Various pre- and post-closing regulatory filings will be required, and all news releases and other communications will have to be carefully vetted by securities counsel to ensure that all applicable regulatory requirements are complied with.2 

SEC Position on Lock-up Agreements

The SEC has applied a similar approach in characterizing lock-up agreements as registrable offers that involve an investment decision on the part of the stockholders who are sought to be locked-up by the acquiring company. In 1998, the SEC proposed Securities Act Rule 159 to deal specifically with lock-up agreements. Although Rule 159 has not been adopted, the following excerpt from Securities Act Release No. 7606A illustrates the SEC's current administrative position on lock-up agreements: 

Lock-up Agreements

The use of lock-up agreements in business combinations has become common. As part of the negotiations for these combinations, the acquiring party usually requires that management and principal security holders of the company to be acquired commit to vote for the acquisition. These so-called "lock-up" agreements are made when the acquisition agreement is finalized, before any action by the public security holders. These agreements could be considered investment decisions under the Securities Act. If they are, the offers and sales of securities were made to persons who entered into those agreements before the business combination is presented to the non-affiliated security holders for their vote. Under this reasoning, those offers and sales could not be included in the registration statement for the offering to the persons not entering into lock-up agreements.

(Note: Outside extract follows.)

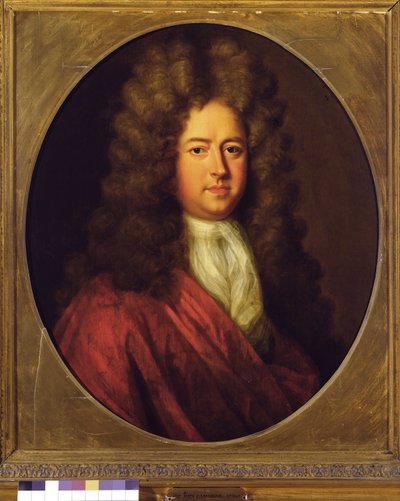 Sir John Gascoigne, 5e Baronet (1661-1728) door English School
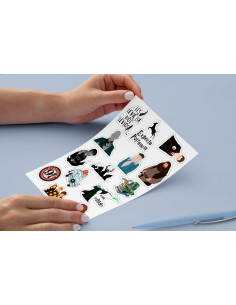 Stickers Harry Potter 2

In recognition of the legitimate business reasons underlying the practice, the staff has permitted the registration of offers and sales under certain circumstances where lock-up agreements have been signed. We propose a rule that codifies this position. 

Our proposed rule would allow registration of those offers and sales when: 

(i) the lock-up agreements involve only executive officers, directors, affiliates, founders and their family members, and holders of 5% or more of the voting equity securities of the company being acquired;

(ii) the persons signing the agreements own less than 100% of the voting equity securities of the company being acquired; and 

(iii) votes will be solicited from shareholders of the company being acquired who have not signed the agreements and who would be ineligible to purchase in an offering under Section 4(2) or 4(6) of the Securities Act or Rule 506 of Regulation D. 

The first condition would assure that the only persons who signed the agreements were insiders with access to corporate information who arguably would not need the protections of registration and prospectus disclosure. The last two conditions would make certain that registration under the Securities Act is required to accomplish the business combination. Where no vote is required or 100% of the shares are locked up, no investment decision would be made by non-affiliated shareholders and the transaction would have been completed via the lock-up agreement. 

If the non-affiliated shareholders were able to purchase under one of the private offering exemptions from registration, the entire transaction would be more akin to a private placement and registration of only resales would follow from that characterization. [Emphasis added] 

Going back to our example, Canco should ensure that the use of pre-transaction lock-up agreements with Targetco stockholders complies with the SEC's administrative position, and should avoid situations that may inadvertently require the filing of a registration statement. Canadian parties contemplating the solicitation of proxies as part of a cross-border transaction should obtain U.S. securities legal advice prior to any such solicitation.

1The transaction will, of course, have to be carefully structured to comply with applicable provincial, U.S. federal and U.S. state securities laws, and to facilitate appropriate tax planning.
2 In this regard, it should be noted that a news release announcing the merger agreement will trigger a requirement on the part of both Canco and Targetco to file it with the SEC pursuant to Securities Act Rule 425. This requirement will not be obviated by the filing of a Form 6-K on the part of Canco or by the filing of a Form 8-K by Targetco.